* WHAT THE EXERCISE ASKS *
One range is to be output from the listing below, exactly as written: the line with "junior suite, courtyard" to the line with "U.S. Calls China", both kept.

* INPUT DATA *

Content starts

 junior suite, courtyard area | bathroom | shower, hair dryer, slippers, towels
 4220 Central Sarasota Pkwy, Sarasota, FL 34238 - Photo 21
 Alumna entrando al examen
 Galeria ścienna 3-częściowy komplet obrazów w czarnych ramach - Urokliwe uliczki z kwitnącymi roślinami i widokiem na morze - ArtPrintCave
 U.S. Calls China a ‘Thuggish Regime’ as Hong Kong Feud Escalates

Content ends
Content starts

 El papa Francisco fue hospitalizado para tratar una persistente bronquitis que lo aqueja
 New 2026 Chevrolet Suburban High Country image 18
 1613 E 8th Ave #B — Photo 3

Content ends
Content starts

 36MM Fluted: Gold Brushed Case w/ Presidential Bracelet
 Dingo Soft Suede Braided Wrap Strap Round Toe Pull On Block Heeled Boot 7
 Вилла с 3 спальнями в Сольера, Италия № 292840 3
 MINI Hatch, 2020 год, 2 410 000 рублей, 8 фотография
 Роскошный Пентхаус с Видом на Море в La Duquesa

Content ends

* ANSWER AREA *
 junior suite, courtyard area | bathroom | shower, hair dryer, slippers, towels
 4220 Central Sarasota Pkwy, Sarasota, FL 34238 - Photo 21
 Alumna entrando al examen
 Galeria ścienna 3-częściowy komplet obrazów w czarnych ramach - Urokliwe uliczki z kwitnącymi roślinami i widokiem na morze - ArtPrintCave
 U.S. Calls China a ‘Thuggish Regime’ as Hong Kong Feud Escalates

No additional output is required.